By Becky Robinson

 

Be scared…very, very scared. I’m not talking about Halloween, when ghosts and goblins abound. I’m talking about something even more frightening. I’m talking about the mass eradication of cats in the environment.

There are many reasons to be horrified. One is the notion that some conservationists, who call for the mass removal of cats, state they want them treated humanely. Meanwhile, they give ghoulish nods to trapping, snaring, shooting, and poisoning cats.

So why do some conservationists support getting rid of outdoor cats? They believe the number of unowned cats is on the rise, despite the fact that there are no credible calculations of unowned cats in the United States, and there’s nothing to suggest that outdoor cats are increasing. In fact, 80 percent of cats living in U.S. households are neutered, and Trap-Neuter-Return (TNR) and Shelter-Neuter-Return programs are at all-time highs, as are the number of owners who keep their cats indoors.

These conservationists also blame cats for 33 global wildlife extinctions on islands, where numerous predator species, other than cats, were also introduced. The existence of multiple predators makes it impossible to point to any one species as the cause of the extinction. Out of 80 predation studies, none demonstrated reduced bird populations due to cats.

The Royal Society for the Protection of Birds says, “It is likely that most of the birds killed by cats would have died anyway from other causes before the next breeding season, so cats are unlikely to have a major impact on populations.”

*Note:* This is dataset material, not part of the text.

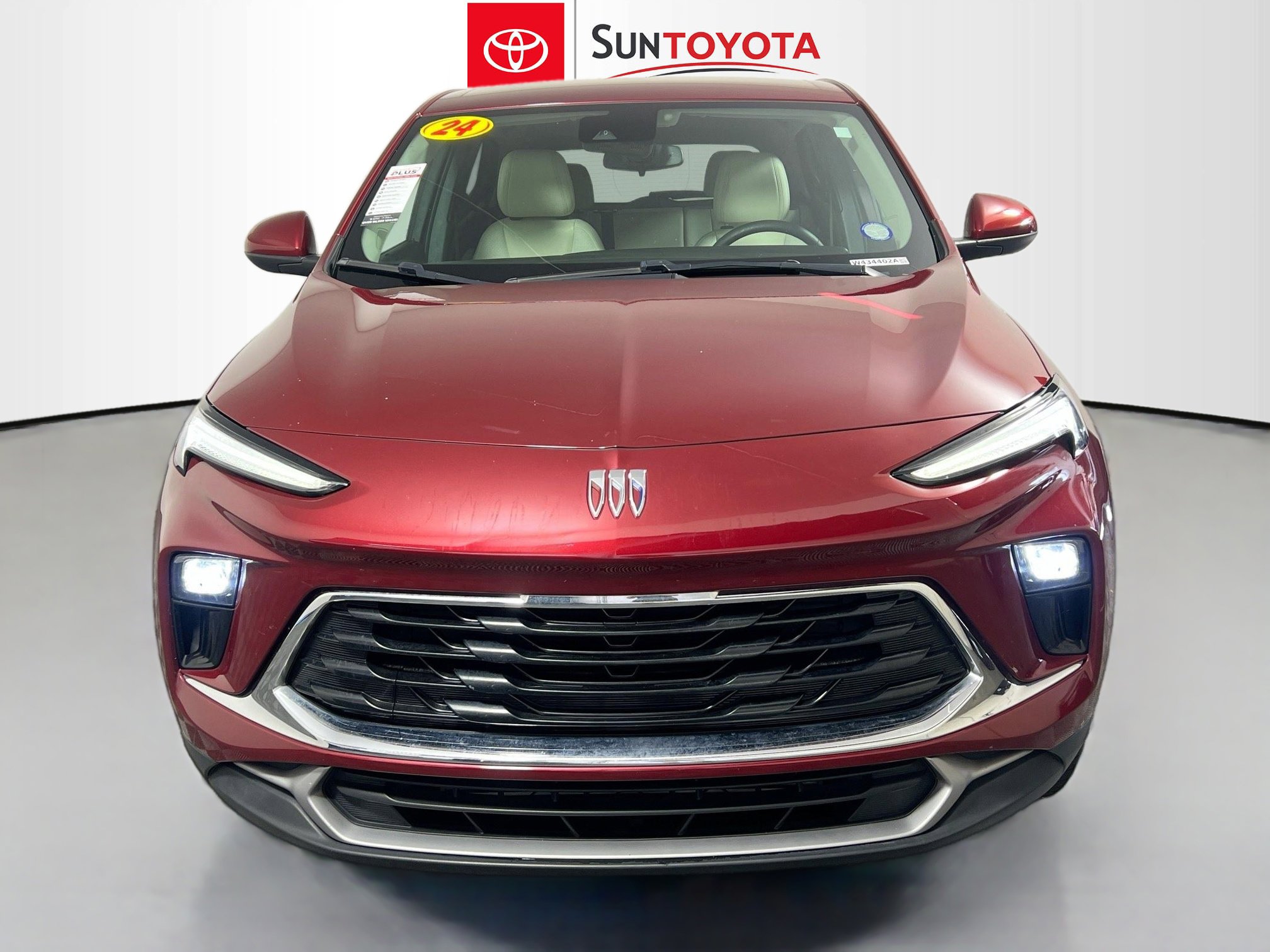 Used 2024 Buick Encore GX Preferred image 10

The organization’s former director of conservation—not a cat fan, by the way—responded to calls for free-roaming cat eradication by saying, “If you look at all the conservation issues in the country, [predation by cats] comes quite low down the list.…Once you have sorted out climate change, agriculture, overfishing, water pollution, over-abstraction, and illegal killing of birds of prey, then maybe we will come on to the cats.”

The most chilling notion promoted by some conservationists, however, is that you should kill one species to save another. This idea has left millions of dead bodies in its wake. In 2013 alone, four million animals were killed in the name of wildlife management, many of them birds.

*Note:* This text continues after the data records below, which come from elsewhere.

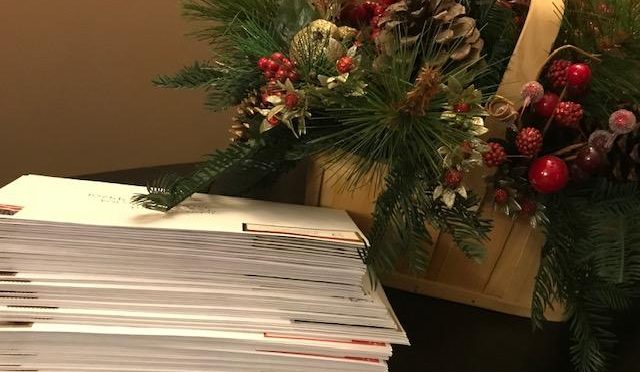 3 Reasons I Intentionally Send Christmas Cards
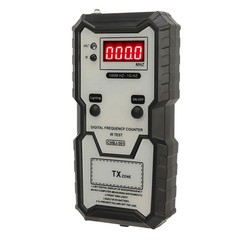 Remote Control Frequency Tester 5cm Effective Test Range Accurate 433MHz 868MHz
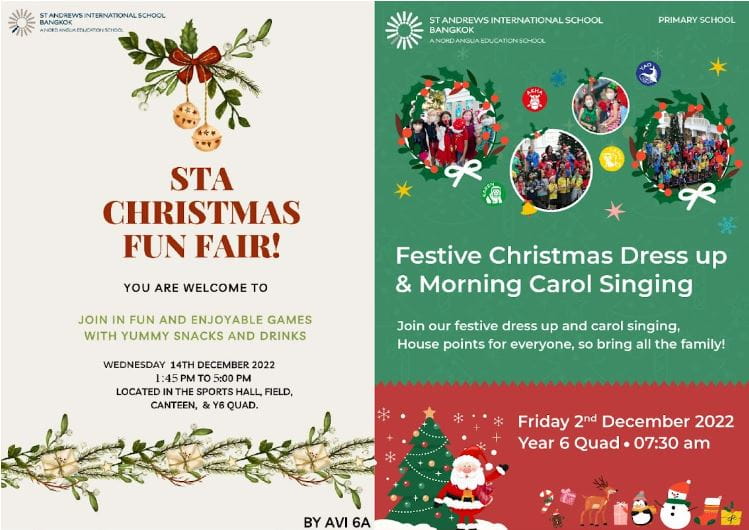 Foundation Stage 3 Have Their Christmas Shows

Calls for killing cats, and other species, must stop. Americans love cats and wildlife, and they want them both protected. They don’t want conservationists wasting time, money, and energy on plans that open the door for more killings. They want compassion and trustworthy science, not flawed data and speciesism.

Fortunately, a growing group, who call themselves compassionate conservationists, recognizes that wildlife protection must be based on sound science and altruism, not on pitting one species against another. Their guiding principles are to recognize the sentient and inherent worth of all animals.

The horror of kill conservation must end. This three-headed monster has gorged long enough on the trapped, snared, shot, poisoned, broken, and battered bodies of helpless wild animals and cats. It’s time to toss it into the garbage with all the other leftover Halloween tricks and call it a day.